ENTRIES PROVIDED:

------------

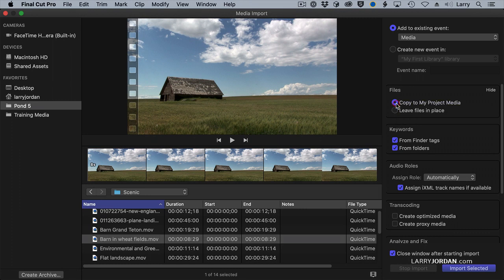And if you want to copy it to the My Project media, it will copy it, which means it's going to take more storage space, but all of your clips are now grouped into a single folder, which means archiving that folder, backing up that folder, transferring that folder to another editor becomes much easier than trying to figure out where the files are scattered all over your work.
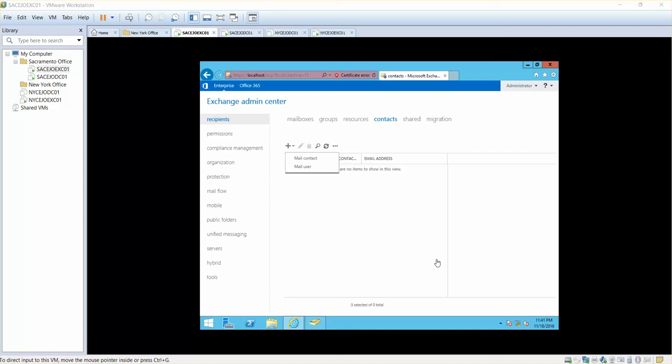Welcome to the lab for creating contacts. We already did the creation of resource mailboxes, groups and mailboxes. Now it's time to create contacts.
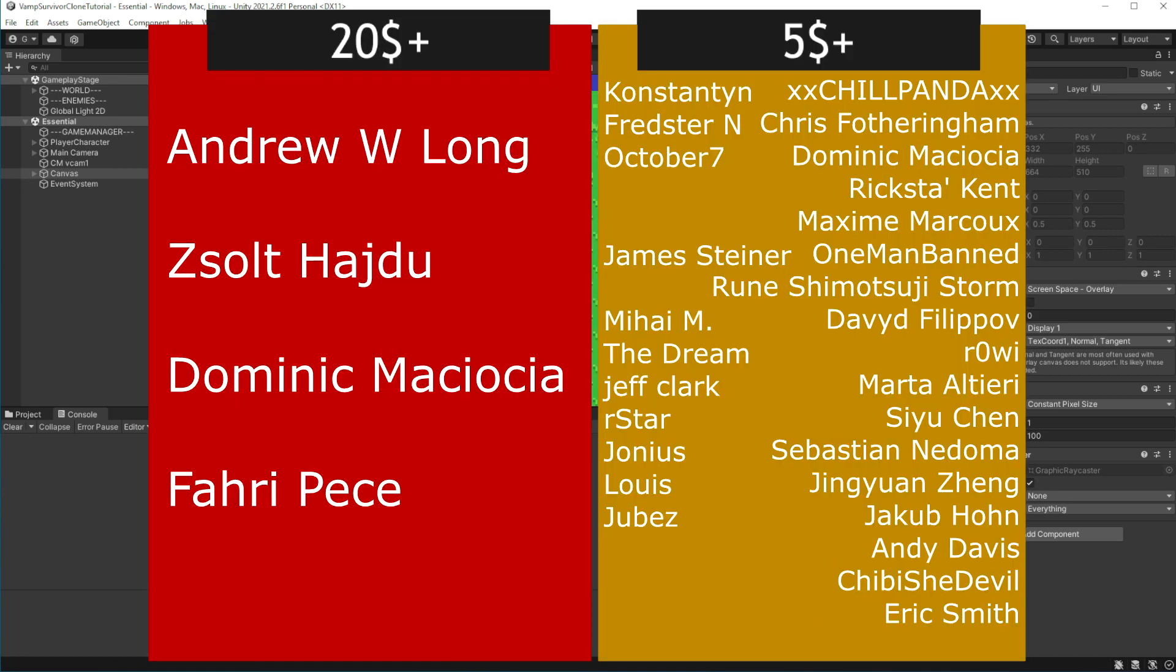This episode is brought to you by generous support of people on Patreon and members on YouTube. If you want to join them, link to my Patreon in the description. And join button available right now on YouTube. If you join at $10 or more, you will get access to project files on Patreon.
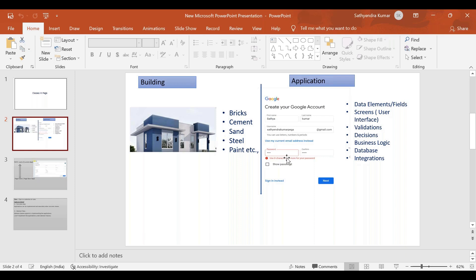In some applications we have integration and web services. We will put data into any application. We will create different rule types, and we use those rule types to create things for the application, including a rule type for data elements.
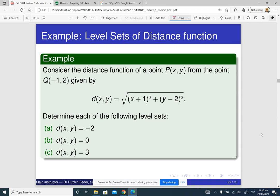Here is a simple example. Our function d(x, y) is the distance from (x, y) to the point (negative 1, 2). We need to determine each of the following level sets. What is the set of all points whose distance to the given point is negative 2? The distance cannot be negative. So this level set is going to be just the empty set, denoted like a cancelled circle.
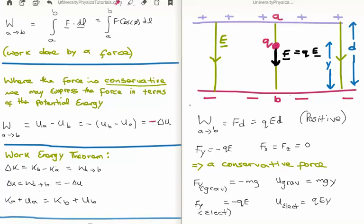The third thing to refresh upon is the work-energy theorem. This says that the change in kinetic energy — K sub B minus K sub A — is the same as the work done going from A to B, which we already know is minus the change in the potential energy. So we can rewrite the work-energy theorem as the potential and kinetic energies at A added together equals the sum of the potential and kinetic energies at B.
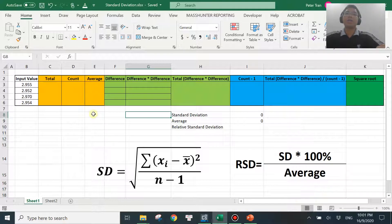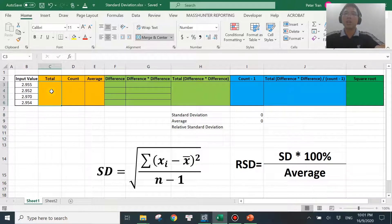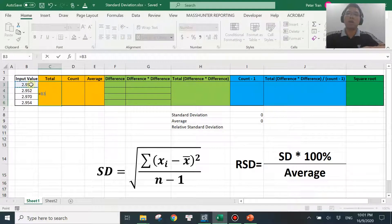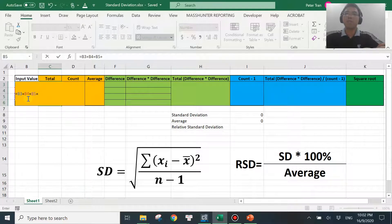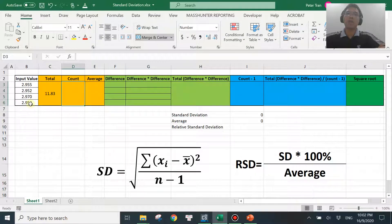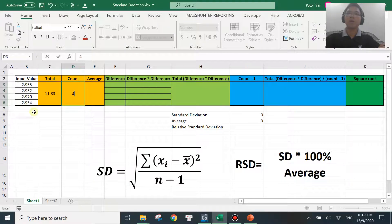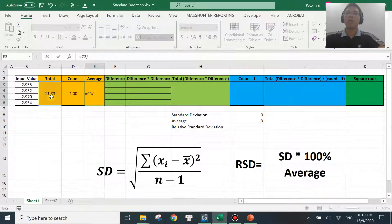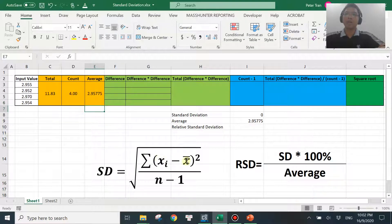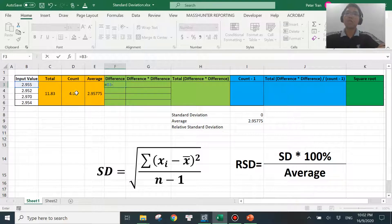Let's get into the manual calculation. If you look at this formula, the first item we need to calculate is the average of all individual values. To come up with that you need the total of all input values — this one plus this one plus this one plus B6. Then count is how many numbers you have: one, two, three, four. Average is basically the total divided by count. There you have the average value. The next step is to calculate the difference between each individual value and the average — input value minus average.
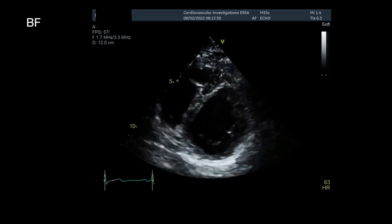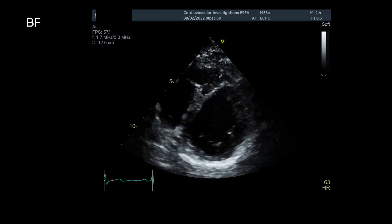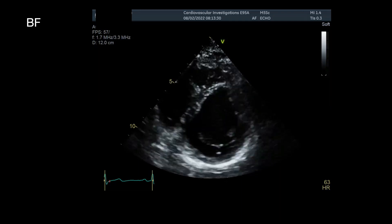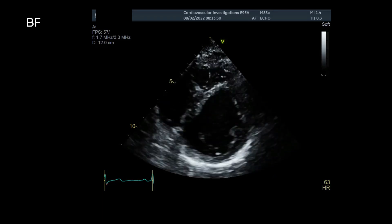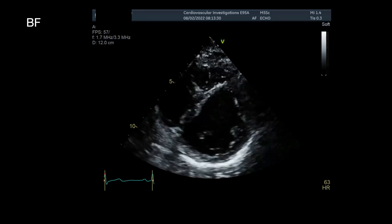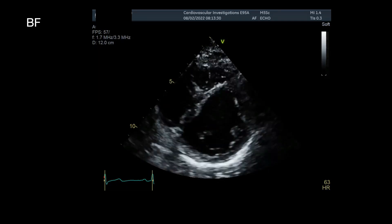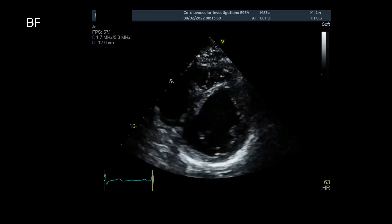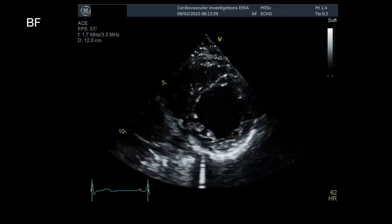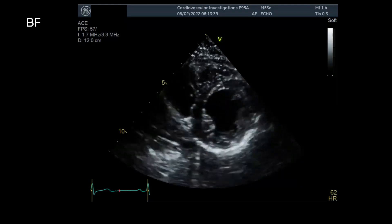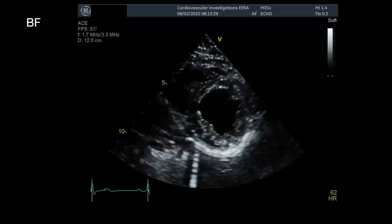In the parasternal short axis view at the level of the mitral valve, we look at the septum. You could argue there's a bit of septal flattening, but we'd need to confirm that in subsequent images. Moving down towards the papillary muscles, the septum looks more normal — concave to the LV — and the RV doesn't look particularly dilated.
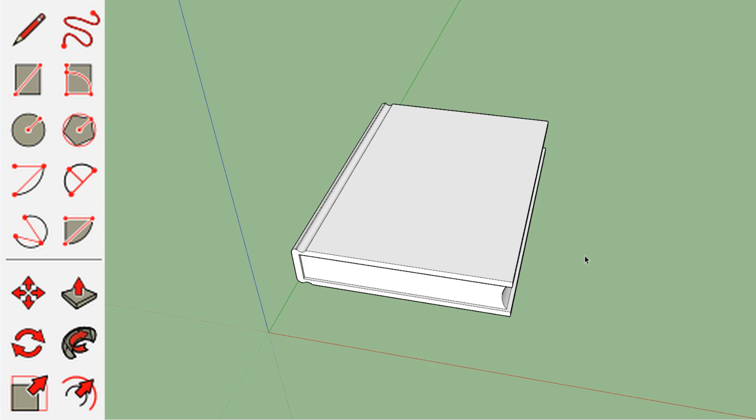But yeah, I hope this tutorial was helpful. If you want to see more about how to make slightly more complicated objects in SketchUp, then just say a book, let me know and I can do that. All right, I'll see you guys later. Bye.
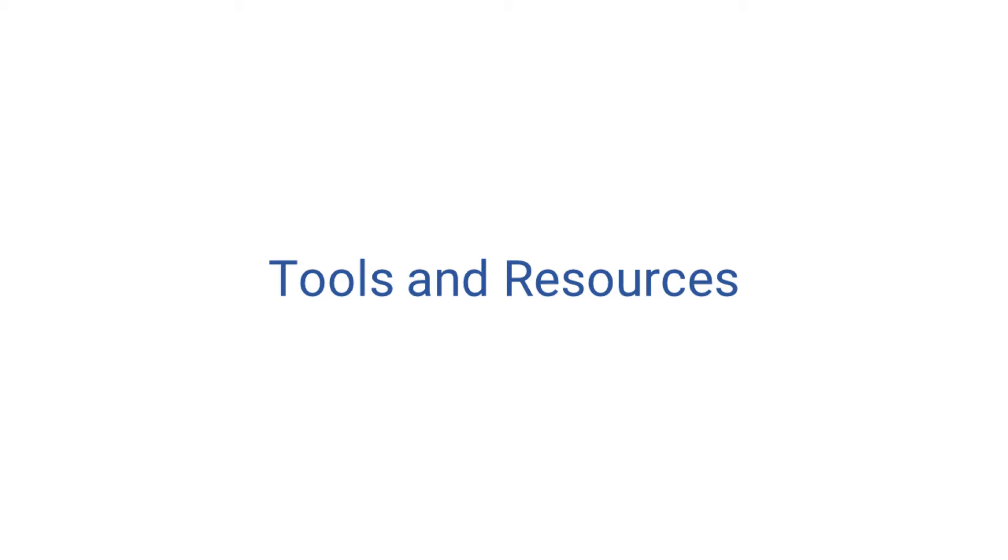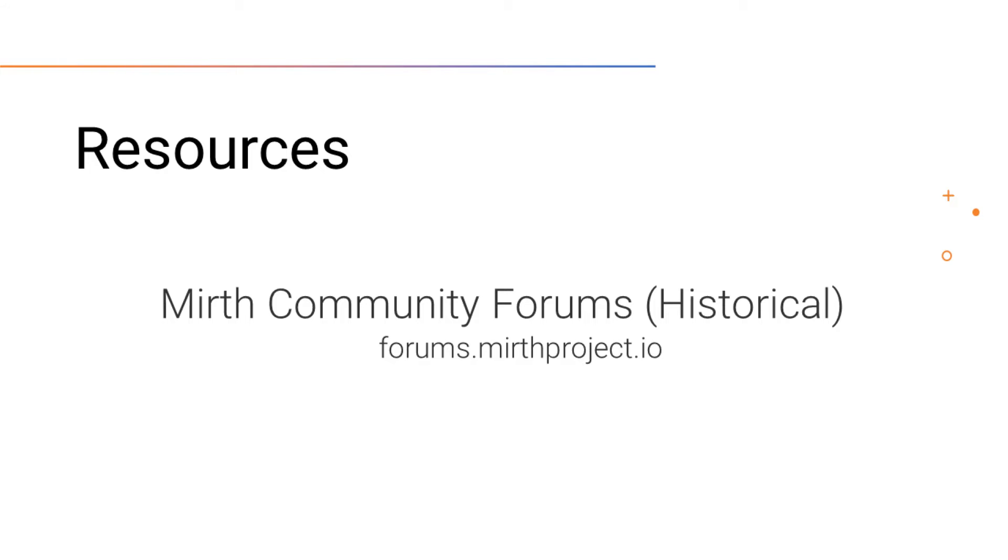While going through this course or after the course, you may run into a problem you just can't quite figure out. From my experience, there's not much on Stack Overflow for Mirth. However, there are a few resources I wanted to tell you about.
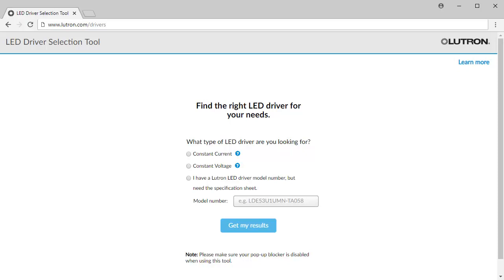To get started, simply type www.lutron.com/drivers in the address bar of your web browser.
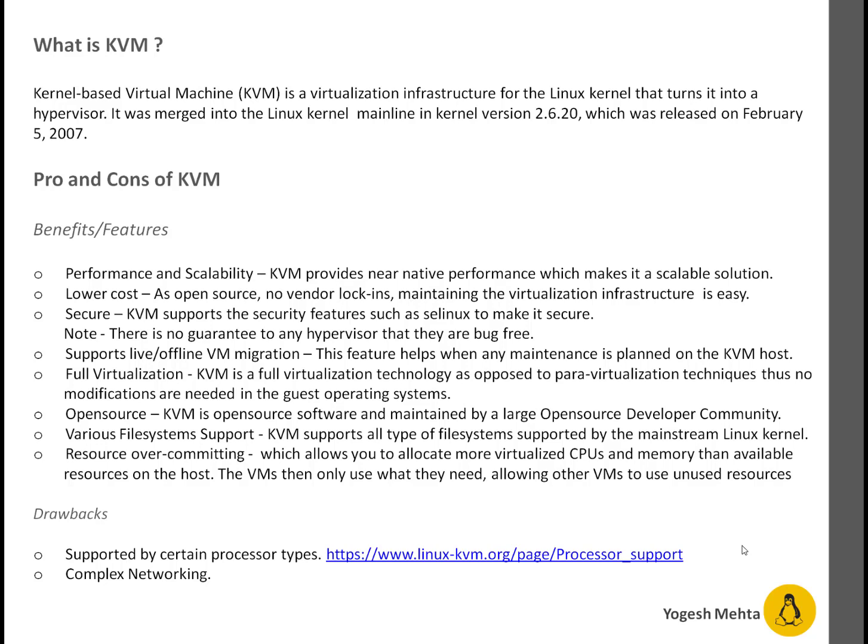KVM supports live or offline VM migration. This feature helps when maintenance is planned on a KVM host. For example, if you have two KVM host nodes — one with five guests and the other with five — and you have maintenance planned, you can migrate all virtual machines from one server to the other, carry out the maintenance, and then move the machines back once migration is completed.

------------

Nothing but the lines from the one with "Here is a simple" to the one with "To get started, simply" above, both included, should be transcribed, exactly and without pictures.

Here is a simple example. Our function d(x, y) is the distance from (x, y) to the point (negative 1, 2). We need to determine each of the following level sets. What is the set of all points whose distance to the given point is negative 2? The distance cannot be negative. So this level set is going to be just the empty set, denoted like a cancelled circle.
The third thing to refresh upon is the work-energy theorem. This says that the change in kinetic energy — K sub B minus K sub A — is the same as the work done going from A to B, which we already know is minus the change in the potential energy. So we can rewrite the work-energy theorem as the potential and kinetic energies at A added together equals the sum of the potential and kinetic energies at B.
Let's get into the manual calculation. If you look at this formula, the first item we need to calculate is the average of all individual values. To come up with that you need the total of all input values — this one plus this one plus this one plus B6. Then count is how many numbers you have: one, two, three, four. Average is basically the total divided by count. There you have the average value. The next step is to calculate the difference between each individual value and the average — input value minus average.
In the parasternal short axis view at the level of the mitral valve, we look at the septum. You could argue there's a bit of septal flattening, but we'd need to confirm that in subsequent images. Moving down towards the papillary muscles, the septum looks more normal — concave to the LV — and the RV doesn't look particularly dilated.
But yeah, I hope this tutorial was helpful. If you want to see more about how to make slightly more complicated objects in SketchUp, then just say a book, let me know and I can do that. All right, I'll see you guys later. Bye.
While going through this course or after the course, you may run into a problem you just can't quite figure out. From my experience, there's not much on Stack Overflow for Mirth. However, there are a few resources I wanted to tell you about.
To get started, simply type www.lutron.com/drivers in the address bar of your web browser.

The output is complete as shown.